F5 (FFIV) CTO Montoya details RSU vesting and updated share holdings
Filing Impact
Filing Sentiment
Form Type
4
Rhea-AI Filing Summary
F5, Inc. Chief Technology Ops Officer Michael F. Montoya reported equity award activity involving restricted stock units (RSUs) and common stock on February 1, 2026. RSUs covering 534 shares and 1,602 shares vested, each unit representing one share of F5 common stock on the vest date.

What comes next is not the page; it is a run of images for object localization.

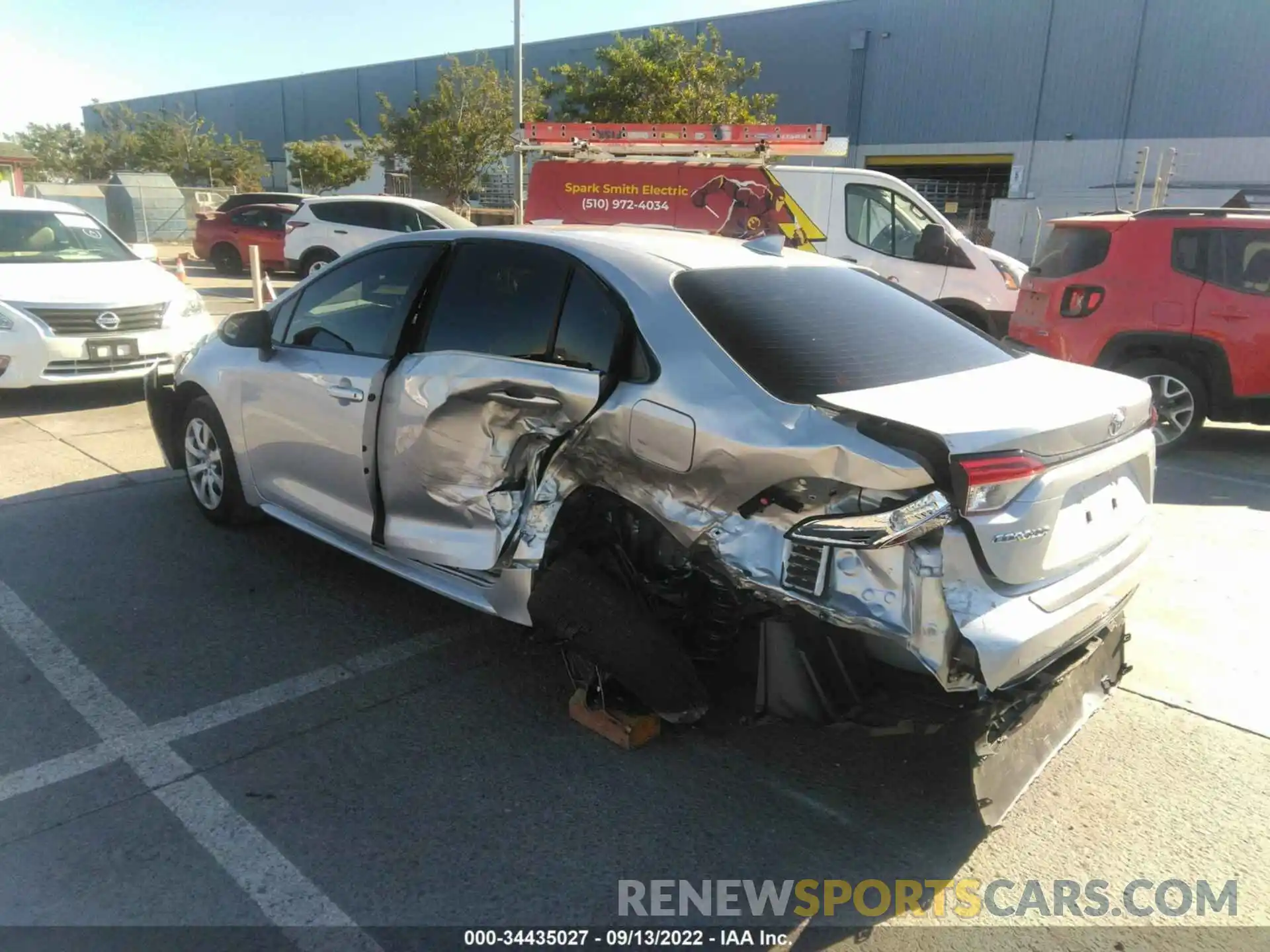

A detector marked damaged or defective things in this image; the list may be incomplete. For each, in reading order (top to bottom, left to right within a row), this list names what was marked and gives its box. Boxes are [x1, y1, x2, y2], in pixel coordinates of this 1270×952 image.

broken tail light [1064, 287, 1101, 320]
detached bumper [146, 365, 184, 468]
crumpled door [376, 352, 603, 569]
damaged silver sedan [146, 229, 1154, 825]
broken tail light [958, 455, 1048, 513]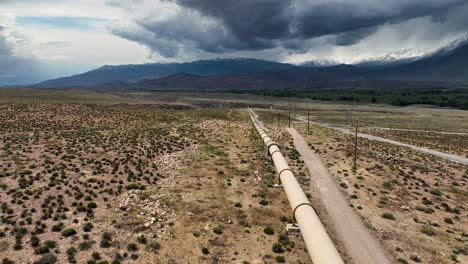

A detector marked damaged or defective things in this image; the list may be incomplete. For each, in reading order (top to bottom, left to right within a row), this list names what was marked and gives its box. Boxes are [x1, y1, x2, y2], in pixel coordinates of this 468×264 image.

rusted pipe section [249, 108, 344, 264]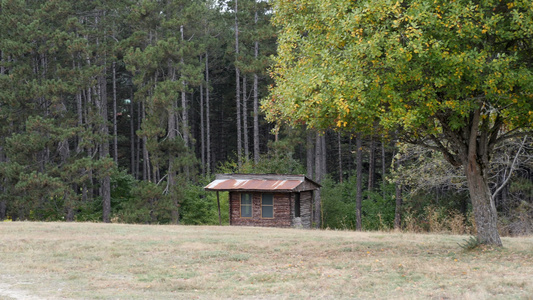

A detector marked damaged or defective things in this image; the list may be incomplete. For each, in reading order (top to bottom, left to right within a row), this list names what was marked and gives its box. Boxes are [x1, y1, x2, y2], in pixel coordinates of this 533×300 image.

rusty metal roof [204, 173, 320, 192]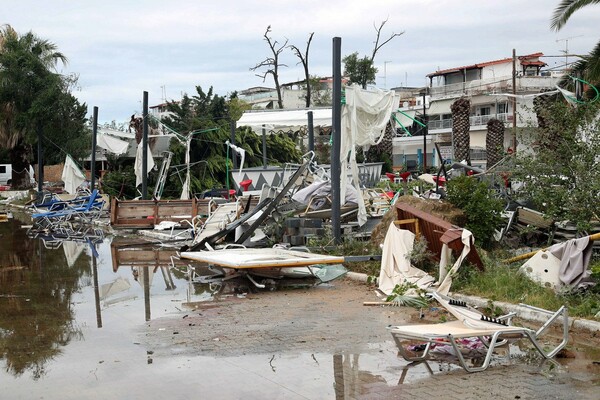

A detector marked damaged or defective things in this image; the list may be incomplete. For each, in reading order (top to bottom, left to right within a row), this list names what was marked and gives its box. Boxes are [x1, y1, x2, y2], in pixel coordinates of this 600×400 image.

torn white fabric [62, 154, 86, 195]
torn white fabric [96, 133, 129, 155]
torn white fabric [135, 142, 155, 188]
torn white fabric [226, 140, 245, 179]
torn white fabric [340, 85, 396, 225]
torn white fabric [378, 223, 434, 296]
torn white fabric [436, 227, 474, 296]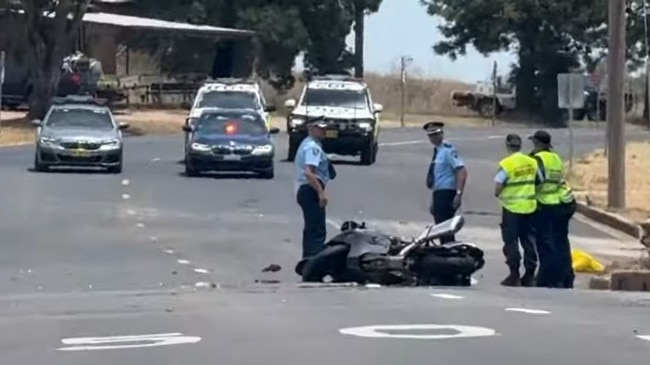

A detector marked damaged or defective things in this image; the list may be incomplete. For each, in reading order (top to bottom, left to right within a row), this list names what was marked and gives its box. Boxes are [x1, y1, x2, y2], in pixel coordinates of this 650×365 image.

crashed motorcycle [294, 215, 480, 286]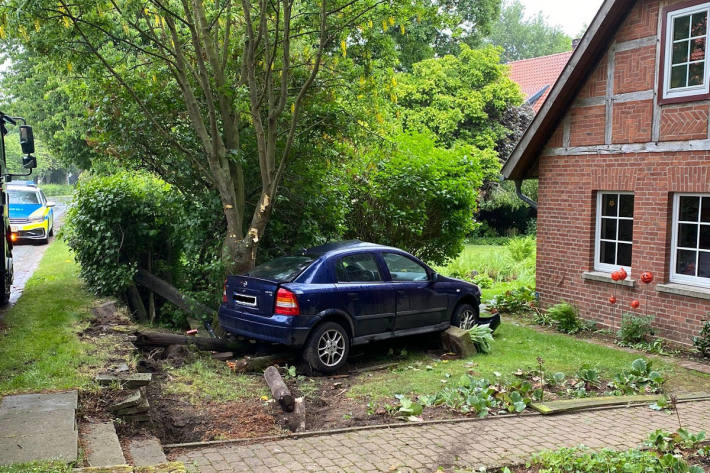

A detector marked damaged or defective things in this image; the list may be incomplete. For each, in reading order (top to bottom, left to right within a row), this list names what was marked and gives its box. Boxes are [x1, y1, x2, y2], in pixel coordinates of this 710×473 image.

broken wooden plank [264, 364, 294, 412]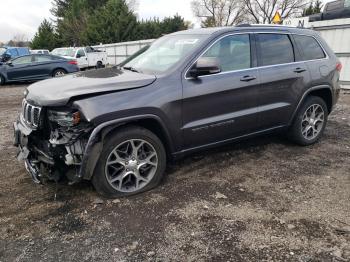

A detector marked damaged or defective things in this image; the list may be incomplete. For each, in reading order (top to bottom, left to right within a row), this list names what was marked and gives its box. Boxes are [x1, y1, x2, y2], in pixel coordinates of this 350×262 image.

As a result of these vestings, 2,136 shares of common stock were acquired at $0, bringing his directly held common stock to 2,575 shares. An additional 870 common shares were reported at a transaction price of $275.61 per share on the same date. Separately, 4,252 common shares are held indirectly through a family trust for the benefit of his children, where he serves as co‑trustee.
Positive
- None.
Negative
- None.
Insider Trade Summary
2,136 shares exercised/converted
Mixed
5 txns
Insider
MONTOYA MICHAEL F
Role
Chief Technology Ops Officer
| Type | Security | Shares | Price | Value |
|---|---|---|---|---|
| Exercise | Restricted Stock Unit | 534 | $0.00 | -- |
| Exercise | Restricted Stock Unit | 1,602 | $0.00 | -- |
| Exercise | Common Stock | 2,136 | $0.00 | -- |
| Tax Withholding | Common Stock | 870 | $275.61 | $240K |
| holding | Common Stock | -- | -- | -- |
Holdings After Transaction:
Restricted Stock Unit — 5,876 shares (Direct);
Common Stock — 3,445 shares (Direct);
Common Stock — 4,252 shares (Indirect, By Family Trust)
Footnotes (1)
- Shares acquired upon vesting of the November 3, 2025 award of service-based Restricted Stock Units. These shares are held in a trust for the benefit of the reporting person's children. The reporting person is a co-trustee of the trust. Each Restricted Stock Unit represents a contingent right to receive one share of F5, Inc. Common Stock on the vest date. This November 3, 2025 award of service-based Restricted Stock Units shall vest in consecutive equal quarterly increments over three years, with the first vest on February 1, 2026 and the final vest on November 1, 2028. If the reporting person continues to provide services to the Company through the vest date, the corresponding number of shares of Common Stock of F5, Inc. will be issued to the reporting person on the vest date. This November 3, 2025 award of service-based Restricted Stock Units shall vest in consecutive equal quarterly increments over two years, with the first vest on February 1, 2026 and the final vest on November 1, 2027.
FAQ
What did FFIV executive Michael F. Montoya report in this Form 4 filing?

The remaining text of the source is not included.